#### RECORDS FOR THIS TASK
================

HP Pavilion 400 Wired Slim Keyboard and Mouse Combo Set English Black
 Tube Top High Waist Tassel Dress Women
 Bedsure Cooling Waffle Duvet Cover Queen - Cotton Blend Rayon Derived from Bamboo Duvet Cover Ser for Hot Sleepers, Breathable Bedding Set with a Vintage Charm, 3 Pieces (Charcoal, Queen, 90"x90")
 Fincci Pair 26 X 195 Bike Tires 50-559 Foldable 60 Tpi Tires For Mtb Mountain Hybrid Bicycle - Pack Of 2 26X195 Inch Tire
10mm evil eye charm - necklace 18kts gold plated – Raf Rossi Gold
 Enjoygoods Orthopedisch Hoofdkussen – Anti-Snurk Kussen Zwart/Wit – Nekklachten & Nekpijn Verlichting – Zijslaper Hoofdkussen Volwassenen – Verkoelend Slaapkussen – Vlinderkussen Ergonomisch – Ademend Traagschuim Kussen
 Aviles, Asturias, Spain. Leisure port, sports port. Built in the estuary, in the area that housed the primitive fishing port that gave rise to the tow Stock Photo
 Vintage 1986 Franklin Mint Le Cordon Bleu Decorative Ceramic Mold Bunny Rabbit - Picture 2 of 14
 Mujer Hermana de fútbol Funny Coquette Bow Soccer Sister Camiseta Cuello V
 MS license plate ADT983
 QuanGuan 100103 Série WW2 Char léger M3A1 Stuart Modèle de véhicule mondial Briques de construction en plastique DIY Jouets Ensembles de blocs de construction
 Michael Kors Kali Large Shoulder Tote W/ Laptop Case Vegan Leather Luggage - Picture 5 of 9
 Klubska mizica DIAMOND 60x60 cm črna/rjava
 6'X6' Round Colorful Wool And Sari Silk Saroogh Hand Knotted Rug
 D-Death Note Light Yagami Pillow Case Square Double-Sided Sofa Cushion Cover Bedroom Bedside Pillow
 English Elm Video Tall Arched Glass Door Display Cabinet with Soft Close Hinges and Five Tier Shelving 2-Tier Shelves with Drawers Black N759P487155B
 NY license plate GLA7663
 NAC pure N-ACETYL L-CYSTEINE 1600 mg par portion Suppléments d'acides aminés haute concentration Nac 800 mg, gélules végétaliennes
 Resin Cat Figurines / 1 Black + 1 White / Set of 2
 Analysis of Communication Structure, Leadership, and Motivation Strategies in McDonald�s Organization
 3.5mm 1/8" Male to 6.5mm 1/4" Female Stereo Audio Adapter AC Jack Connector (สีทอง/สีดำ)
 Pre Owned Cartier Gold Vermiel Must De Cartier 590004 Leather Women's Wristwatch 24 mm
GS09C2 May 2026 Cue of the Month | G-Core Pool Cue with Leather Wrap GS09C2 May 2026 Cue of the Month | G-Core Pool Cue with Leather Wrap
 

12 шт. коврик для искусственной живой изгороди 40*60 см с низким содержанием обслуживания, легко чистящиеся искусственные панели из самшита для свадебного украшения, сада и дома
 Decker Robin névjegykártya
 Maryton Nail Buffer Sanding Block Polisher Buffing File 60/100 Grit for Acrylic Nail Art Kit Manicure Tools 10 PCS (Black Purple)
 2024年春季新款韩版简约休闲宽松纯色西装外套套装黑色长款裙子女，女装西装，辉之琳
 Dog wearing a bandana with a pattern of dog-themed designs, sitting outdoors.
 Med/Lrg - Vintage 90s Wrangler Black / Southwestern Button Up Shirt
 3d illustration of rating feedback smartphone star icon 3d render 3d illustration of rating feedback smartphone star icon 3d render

================

#### WORK INSTRUCTION
In the data above, start at the line that has "Klubska mizica DIAMOND 60x60 cm črna/rjava", stop after the line that has "Jack Connector (สีทอง/สีดำ)", and print every line in between exactly as it stands.

#### ANSWER SECTION
 Klubska mizica DIAMOND 60x60 cm črna/rjava
 6'X6' Round Colorful Wool And Sari Silk Saroogh Hand Knotted Rug
 D-Death Note Light Yagami Pillow Case Square Double-Sided Sofa Cushion Cover Bedroom Bedside Pillow
 English Elm Video Tall Arched Glass Door Display Cabinet with Soft Close Hinges and Five Tier Shelving 2-Tier Shelves with Drawers Black N759P487155B
 NY license plate GLA7663
 NAC pure N-ACETYL L-CYSTEINE 1600 mg par portion Suppléments d'acides aminés haute concentration Nac 800 mg, gélules végétaliennes
 Resin Cat Figurines / 1 Black + 1 White / Set of 2
 Analysis of Communication Structure, Leadership, and Motivation Strategies in McDonald�s Organization
 3.5mm 1/8" Male to 6.5mm 1/4" Female Stereo Audio Adapter AC Jack Connector (สีทอง/สีดำ)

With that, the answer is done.